The Arizona César E. Chávez Holiday Coalition hosts the celebration, which is named after Dolores Huerta, a co-founder of the United Farm Workers Union, and one of the most prominent Latina leaders of our lifetime. She worked to organize the most vulnerable laborers winning basic rights for farm workers.
Cazares-Kelly, who received the Mujer En La Lucha Award, “has dedicated her life to advocating and fighting for her community. From working with youth in and outside of high school and higher education to organizing voter registration efforts across the Tohono O’odham Nation to founding Indivisible Tohono, she has helped forge a new path for the O’odham people, and especially women,’’ the nominating committee’s citation reads.
As her husband, Ryan Kelly, wrote in the program for the event, held at Tucson Mission Garden:
“Having spent more than 10 years in secondary and higher education with indigenous youth and adults, she continues to inspire her students to chase their dreams. As a community organizer, she has led massive voter registration efforts across the Tohono O’odham Nation, which includes voting rights history and education unique to indigenous people.
“In founding Indivisible Tohono with a group of O’odham women, she has helped bring attention to the needs of her people to have true representation in government at all levels. Over the course of the 2018 cycle Indivisible Tohono brought more than 25 candidates ranging from school board, to state, to federal office, face to face with the people in the Tohono O’odham community.
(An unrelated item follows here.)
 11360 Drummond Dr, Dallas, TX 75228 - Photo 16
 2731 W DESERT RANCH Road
In addition, they have fought tirelessly to create opportunities for all indigenous people in political spaces. Indivisible Tohono continues to activate the O’odham community. They’ve fiercely advocated against border militarization, voter suppression and attacks on education. They’ve bravely brought attention to the crisis of missing and murdered indigenous women and the unique role of the Violence Against Women Act in indigenous communities.
“Gabriella has remained a leader in the Baboquivari Unified School District in the lead up to the RedForEd Movement and all that has followed, as a proud union member.
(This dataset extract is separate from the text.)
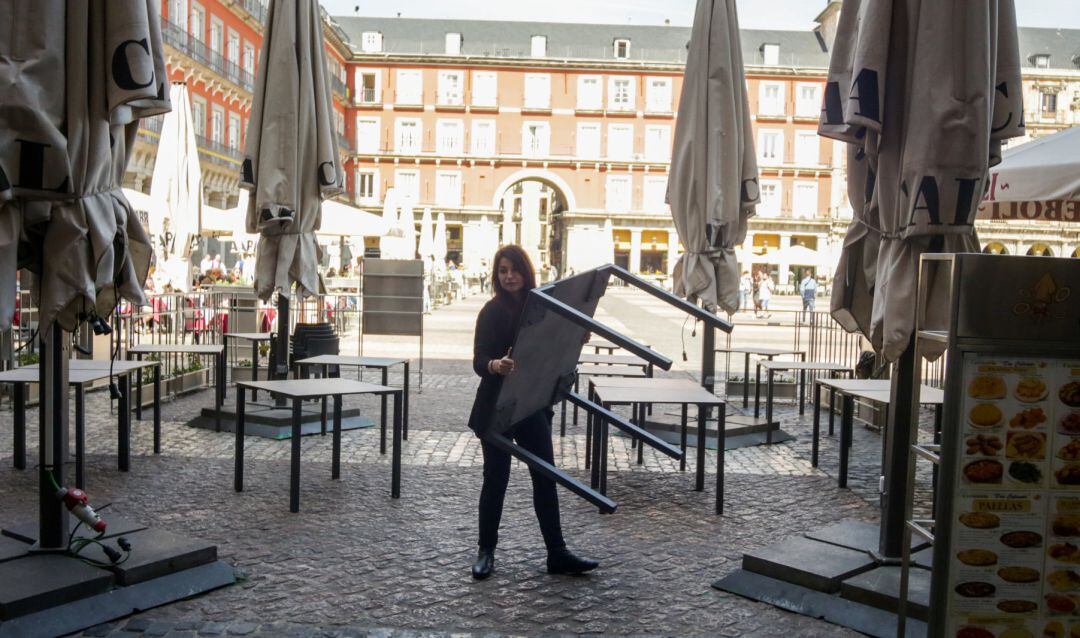 Empleada de un bar de la Plaza Mayor de Madrid.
“She helped organize a historic and unprecedented indigenous delegation in the two Women’s Marches that have taken place in Tucson, most recently facilitating the presence of more than 28 tribal nations, including O’odham Toka-playing women, bringing their traditional game into the March, in a location that hadn’t seen that since before these O’odham lands were colonized by Europeans (the streets of downtown Tucson).
“She was named to a writing fellowship in the nationally recognized Op-Ed Project and has since published advocacy pieces in Colorlines and the Huffington Post, which have highlighted the specific needs of indigenous people and communities of color.
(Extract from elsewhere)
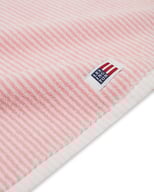 Miniatyrbilde 2 av Petunia Pink/White Lexington Original Striped Kjemmet Bomull Håndkle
“She was elected as the President of the Progressive Democrats of Southern Arizona and has risen to become a leader in the Arizona Democratic Party’s Native American Caucus.
“She has helped lead countless direct-action protests on a range of topics, from the fast-tracking of border patrol agents, to the border wall, to the National Guard being sent to the US Mexico border, to opposing racist anti-native NFL mascots.
“She presents to groups regularly with Borderlinks and has traveled the state to present and advocate for her community.
“She remains tireless in her efforts to expand the reach, voice, and empowerment of her people.’’
LD 9 congratulates Gabriella Cazares-Kelly!